- ABOUT THIS EXERCISE
Return the stretch from the line with "And that's the" through the line with "Step 2.2: Set" in the data below, character for character, skipping all pictures.

- LISTED ENTRIES
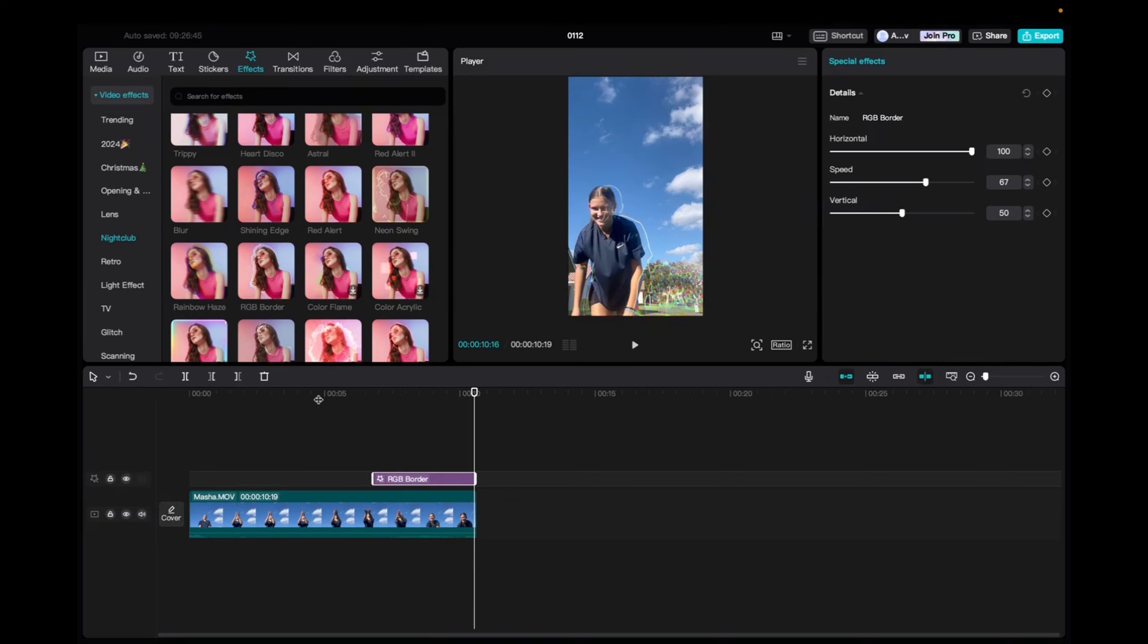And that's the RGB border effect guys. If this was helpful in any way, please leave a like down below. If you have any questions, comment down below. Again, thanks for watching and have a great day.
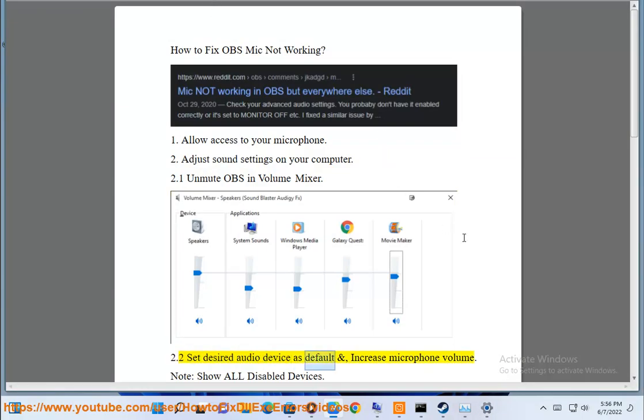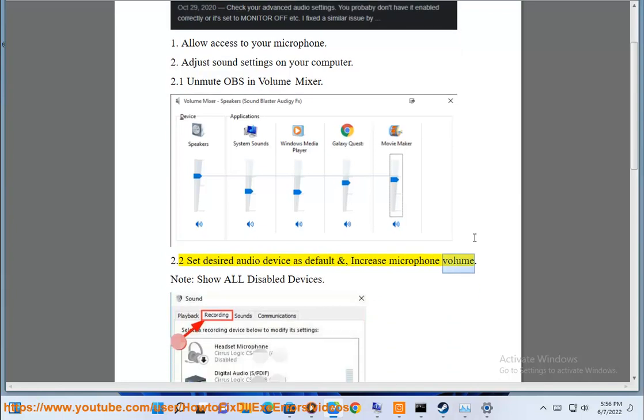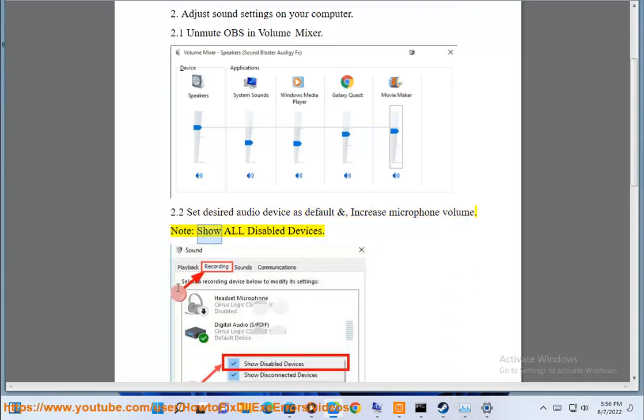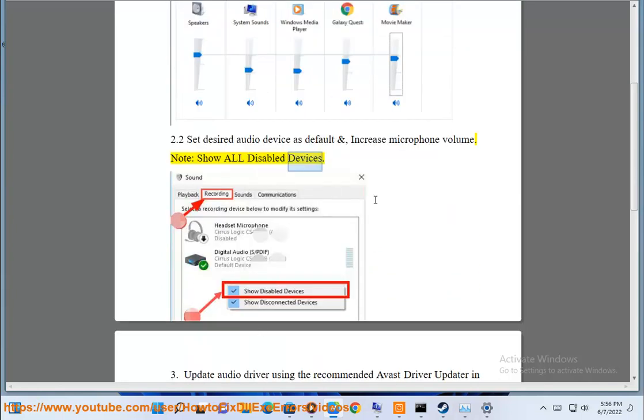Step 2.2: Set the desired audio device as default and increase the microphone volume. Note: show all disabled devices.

...

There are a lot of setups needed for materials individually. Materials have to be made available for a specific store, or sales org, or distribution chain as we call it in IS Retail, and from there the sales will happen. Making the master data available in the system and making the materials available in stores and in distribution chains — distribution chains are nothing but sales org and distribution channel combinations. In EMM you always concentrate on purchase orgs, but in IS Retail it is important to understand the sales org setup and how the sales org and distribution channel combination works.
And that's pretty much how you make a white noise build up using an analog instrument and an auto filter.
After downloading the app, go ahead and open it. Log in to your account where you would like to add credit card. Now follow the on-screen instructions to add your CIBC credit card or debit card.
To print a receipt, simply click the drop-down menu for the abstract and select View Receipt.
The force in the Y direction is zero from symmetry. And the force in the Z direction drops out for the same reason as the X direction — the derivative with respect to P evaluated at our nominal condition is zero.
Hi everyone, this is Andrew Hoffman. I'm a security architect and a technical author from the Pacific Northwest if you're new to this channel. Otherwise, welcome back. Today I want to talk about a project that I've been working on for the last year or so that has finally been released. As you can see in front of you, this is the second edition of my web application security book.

==

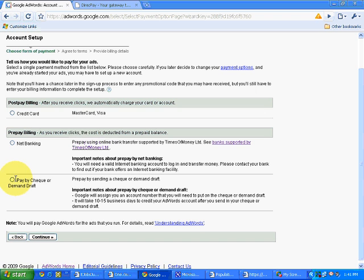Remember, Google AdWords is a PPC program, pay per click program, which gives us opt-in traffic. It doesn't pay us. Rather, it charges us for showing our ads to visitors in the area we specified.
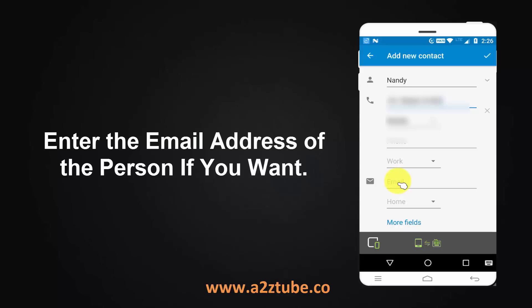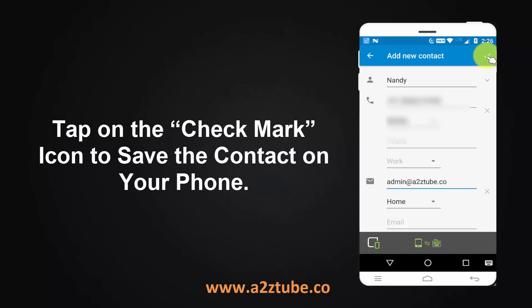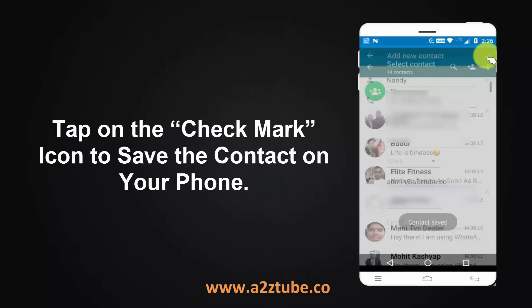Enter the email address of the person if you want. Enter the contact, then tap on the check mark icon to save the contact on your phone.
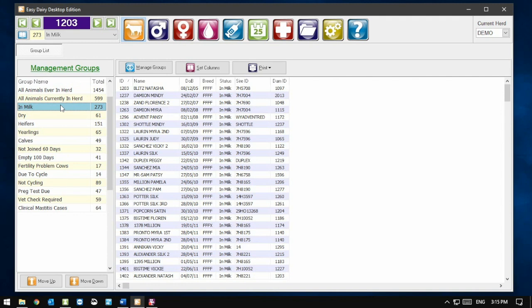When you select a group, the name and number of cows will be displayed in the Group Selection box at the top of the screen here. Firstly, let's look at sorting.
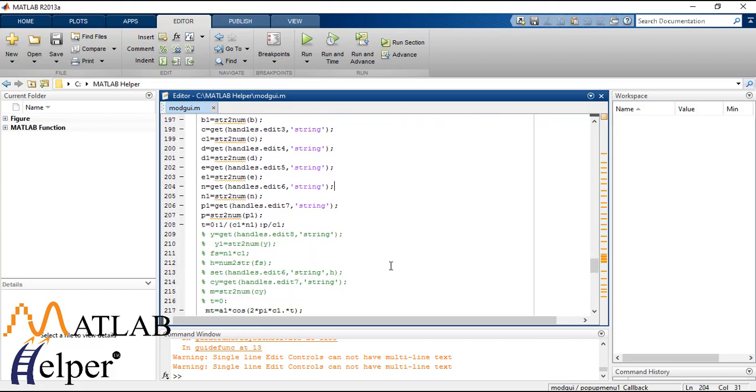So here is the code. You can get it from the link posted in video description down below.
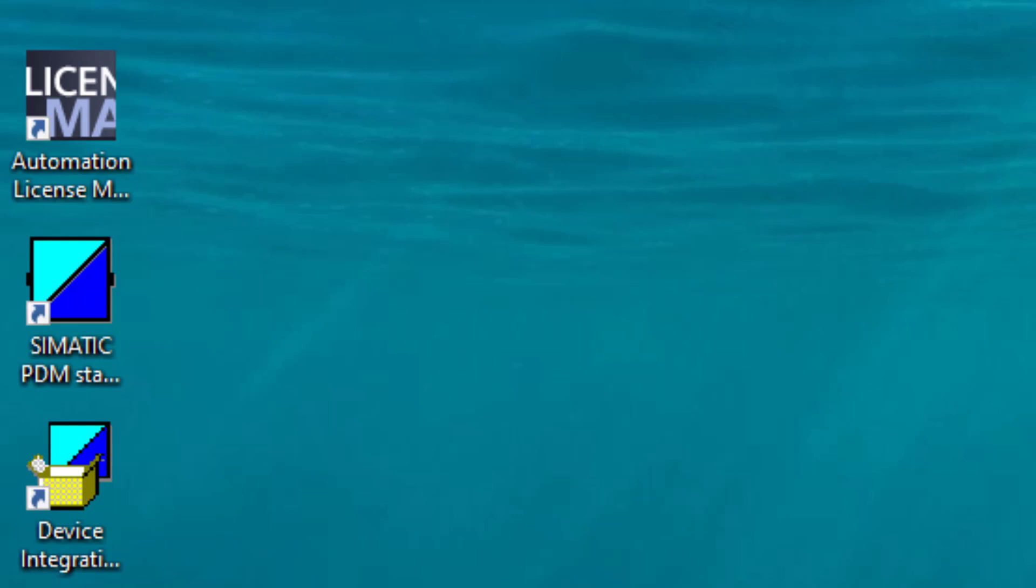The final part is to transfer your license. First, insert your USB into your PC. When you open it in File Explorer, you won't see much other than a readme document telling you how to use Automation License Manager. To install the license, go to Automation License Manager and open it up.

- RESULT FOR THIS TASK
And that's the RGB border effect guys. If this was helpful in any way, please leave a like down below. If you have any questions, comment down below. Again, thanks for watching and have a great day.
Step 2.2: Set the desired audio device as default and increase the microphone volume. Note: show all disabled devices.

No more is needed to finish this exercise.